- Choctaw Choctaw
- Coordinates: 29°50′21″N 90°41′27″W﻿ / ﻿29.83917°N 90.69083°W
- Country: United States
- State: Louisiana
- Parish: Lafourche

Area
- • Total: 6.25 sq mi (16.19 km^{2})
- • Land: 6.25 sq mi (16.19 km^{2})
- • Water: 0 sq mi (0.00 km^{2})
- Elevation: 3 ft (0.91 m)

Population (2020)
- • Total: 775
- • Density: 124.0/sq mi (47.87/km^{2})
- Time zone: UTC-6 (Central (CST))
- • Summer (DST): UTC-5 (CDT)
- Area code: 985
- GNIS feature ID: 557805

= Choctaw, Louisiana =

Choctaw is an unincorporated community and census-designated place in Lafourche Parish, Louisiana, United States.
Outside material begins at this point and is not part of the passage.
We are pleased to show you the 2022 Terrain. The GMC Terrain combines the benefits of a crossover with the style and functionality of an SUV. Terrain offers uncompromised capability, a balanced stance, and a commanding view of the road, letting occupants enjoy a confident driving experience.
As of the 2020 census, Choctaw had a population of 775.
==Geography==
According to the U.S. Census Bureau, the community has an area of 6.318 mi2, all land

==Demographics==

Choctaw was first listed as a census designated place in the 2010 U.S. census.

Historical population
| Census | Pop. | Note | %± |
| 2010 | 879 |  | — |
| 2020 | 775 |  | −11.8% |
U.S. Decennial Census

==Education==
Choctaw is within Lafourche Parish Public Schools and served by Bayou Boeuf Elementary School, Sixth Ward Middle School, and Thibodaux High School.

Lafourche Parish Library operates the Choctaw Branch Library.

Fletcher Technical Community College has Lafourche Parish in the college's service area. Additionally, a Delgado Community College document stated that Lafourche Parish was in the college's service area.